# Why is it all black?



## TwiceHorn (Jun 18, 2014)

Kind of an oddball question, but so much biking apparel is black. I'm not a huge fan of black as a color. 

Historically, I guess most or all of the spandex shorts, and wool before them, were black.

Modern trends, especially in MTB, seem to involve more colors, finally.
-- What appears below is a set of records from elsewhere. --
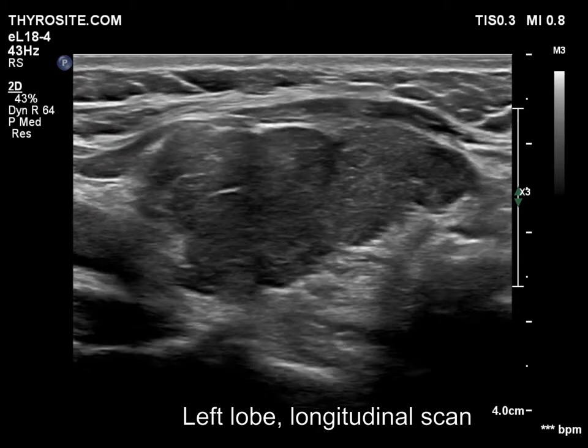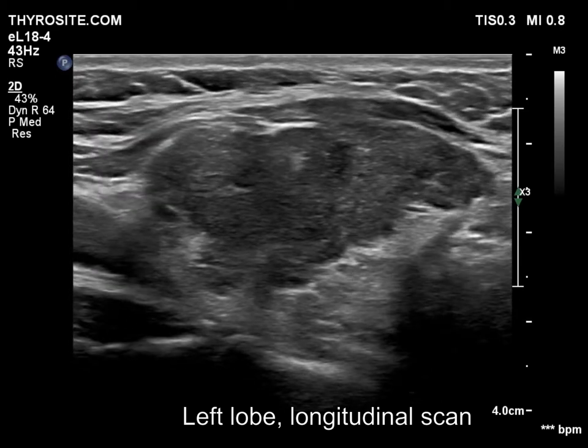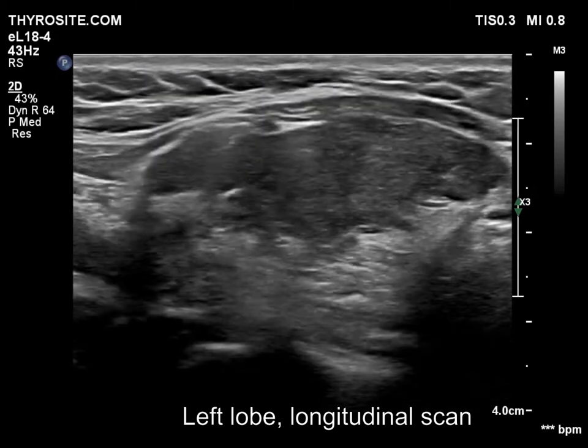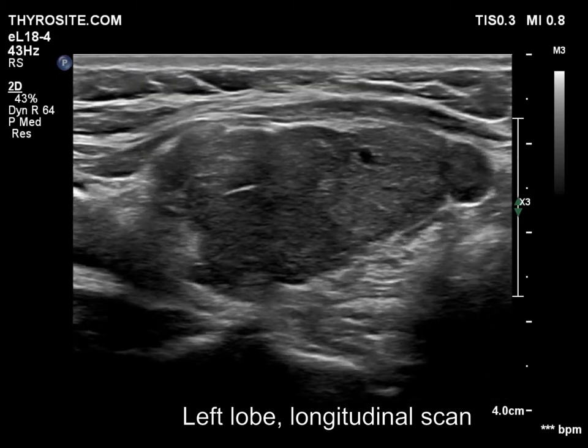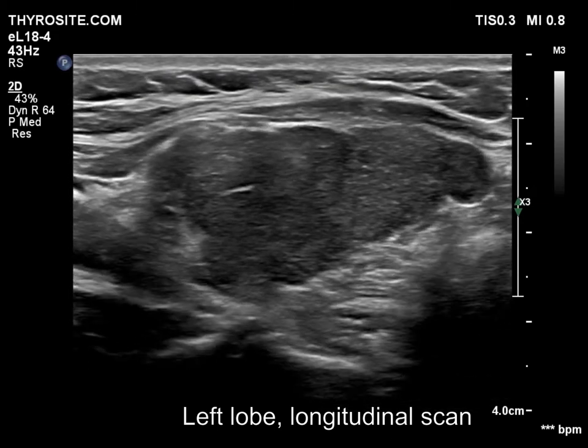Note the irregular lobulated margins of the central hypoechogenic part. It is essential not to mistake this pattern for a large hypoechogenic nodule.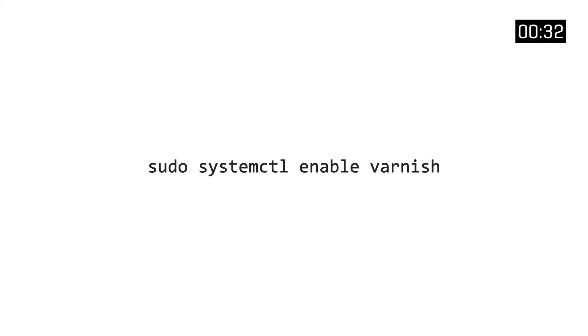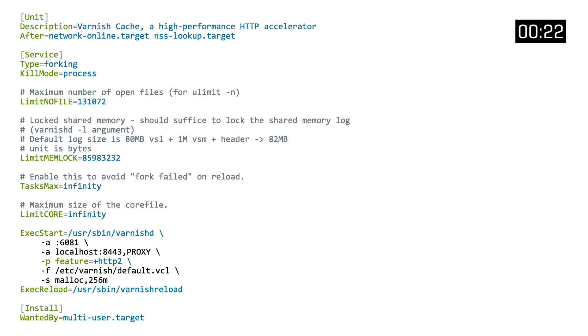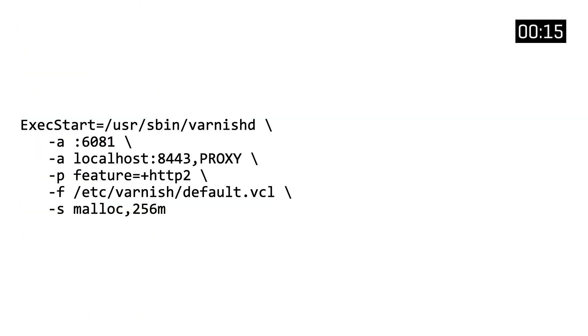Once Varnish is installed, we need to ensure that the service is enabled and survives any potential restarts. Then it's a matter of editing the service file using the systemctl edit command — this will open up an editor and display the runtime information. The part of particular interest to us is the varnishd command and its runtime parameters. We can edit those, for example ensuring it listens on port 80 and that it has 2 gigabytes of memory instead of 256 megabytes.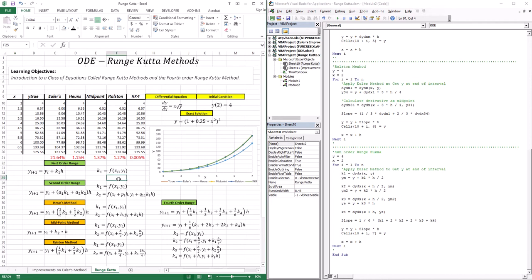To recap what we did in this lesson: we placed all the methods under the umbrella of Runge-Kutta methods. The Euler is the first-order Runge-Kutta because it uses one derivative in its approximation. Heun's, midpoint, and Ralston are second-order Runge-Kutta because they use two approximations of the first derivative. And the fourth-order Runge-Kutta uses four approximations of the first derivative. This really marks the end of this lesson — thank you, and I'll see you in the next one.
Is there some reason that bike apparel tends to be black?


----------



## Jayem (Jul 16, 2005)

The question isn't why is it all black, the question is, could it be any blacker?, and the answer is none, none more black.


----------



## R_Pierce (May 31, 2017)

Fits my style perfectly. I honestly dont own a t shirt that isnt black.


----------



## mv70 (Feb 15, 2018)

R_Pierce said:


> Fits my style perfectly. I honestly dont own a t shirt that isnt black.


+1 .Black car and bikes too


----------



## R_Pierce (May 31, 2017)

mv70 said:


> +1 .Black car and bikes too


Car, yes. But my bike is rather colorful. Which is a bit out of my "norm"

Sent from my LG-H931 using Tapatalk


----------



## Mr Pig (Jun 25, 2008)

TwiceHorn said:


> Is there some reason that bike apparel tends to be black?


Good question. It's partly just a trend as if you think back to the early days of mountain biking, nothing was black!

But black is not an ideal colour, it's hot and shows the dirt. The only black clothing I have are things I couldn't get in any other colour.

When I was about twenty I had a friend who was a goth. My girlfriend and I agreed to go to a goth disco with her, yes they really had such a thing, but had no black clothes to wear. We borrowed black T-shirts from my goth friend and when she opened her wardrobe...she didn't have a single piece of clothing that was_ not _black!


----------



## chazpat (Sep 23, 2006)

Jayem said:


> The question isn't why is it all black, the question is, could it be any blacker?, and the answer is none, none more black.
> 
> View attachment 1207437


lol, I bet most won't get your reference.


----------



## GoingNowhere (Oct 15, 2014)

chazpat said:


> lol, I bet most won't get your reference.


But these go to 11.

My guess is most protection is black so it works with any other color. If a company is going to make an item in one color it may as well be as versatile as possible.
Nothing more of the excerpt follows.